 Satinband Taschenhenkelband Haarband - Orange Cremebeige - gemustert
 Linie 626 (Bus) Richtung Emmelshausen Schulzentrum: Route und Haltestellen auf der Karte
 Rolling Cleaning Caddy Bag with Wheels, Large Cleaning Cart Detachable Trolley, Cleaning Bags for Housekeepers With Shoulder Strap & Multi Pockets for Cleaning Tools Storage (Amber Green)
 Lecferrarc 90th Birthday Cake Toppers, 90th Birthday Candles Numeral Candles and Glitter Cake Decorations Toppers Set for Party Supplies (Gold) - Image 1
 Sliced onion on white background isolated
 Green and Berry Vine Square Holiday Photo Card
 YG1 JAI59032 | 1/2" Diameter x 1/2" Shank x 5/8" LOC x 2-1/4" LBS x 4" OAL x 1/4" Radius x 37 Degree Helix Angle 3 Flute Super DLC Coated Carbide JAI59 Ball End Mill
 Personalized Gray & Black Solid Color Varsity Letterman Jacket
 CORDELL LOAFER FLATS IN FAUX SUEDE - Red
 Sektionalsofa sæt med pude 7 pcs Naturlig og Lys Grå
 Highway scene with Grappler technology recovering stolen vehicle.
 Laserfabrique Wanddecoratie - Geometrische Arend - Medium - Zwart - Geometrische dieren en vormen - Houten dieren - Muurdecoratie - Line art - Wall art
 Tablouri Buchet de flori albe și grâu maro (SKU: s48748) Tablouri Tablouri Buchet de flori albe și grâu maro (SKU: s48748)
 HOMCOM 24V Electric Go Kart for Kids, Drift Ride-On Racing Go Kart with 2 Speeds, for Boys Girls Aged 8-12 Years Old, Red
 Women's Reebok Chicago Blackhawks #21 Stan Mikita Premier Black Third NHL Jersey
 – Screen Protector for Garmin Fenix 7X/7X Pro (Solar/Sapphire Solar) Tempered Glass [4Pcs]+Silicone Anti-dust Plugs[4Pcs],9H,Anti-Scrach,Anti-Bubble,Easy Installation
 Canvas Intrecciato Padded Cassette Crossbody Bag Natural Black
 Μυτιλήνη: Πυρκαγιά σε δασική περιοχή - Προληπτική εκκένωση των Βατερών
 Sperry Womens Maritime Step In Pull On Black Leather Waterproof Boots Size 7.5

______________________________

YOUR TASK
Return the lines from the one containing "(SKU: s48748) Tablouri" through the last line of the records. Include both ends and nothing else.

OUTPUT FOR THIS EXERCISE
 Tablouri Buchet de flori albe și grâu maro (SKU: s48748) Tablouri Tablouri Buchet de flori albe și grâu maro (SKU: s48748)
 HOMCOM 24V Electric Go Kart for Kids, Drift Ride-On Racing Go Kart with 2 Speeds, for Boys Girls Aged 8-12 Years Old, Red
 Women's Reebok Chicago Blackhawks #21 Stan Mikita Premier Black Third NHL Jersey
 – Screen Protector for Garmin Fenix 7X/7X Pro (Solar/Sapphire Solar) Tempered Glass [4Pcs]+Silicone Anti-dust Plugs[4Pcs],9H,Anti-Scrach,Anti-Bubble,Easy Installation
 Canvas Intrecciato Padded Cassette Crossbody Bag Natural Black
 Μυτιλήνη: Πυρκαγιά σε δασική περιοχή - Προληπτική εκκένωση των Βατερών
 Sperry Womens Maritime Step In Pull On Black Leather Waterproof Boots Size 7.5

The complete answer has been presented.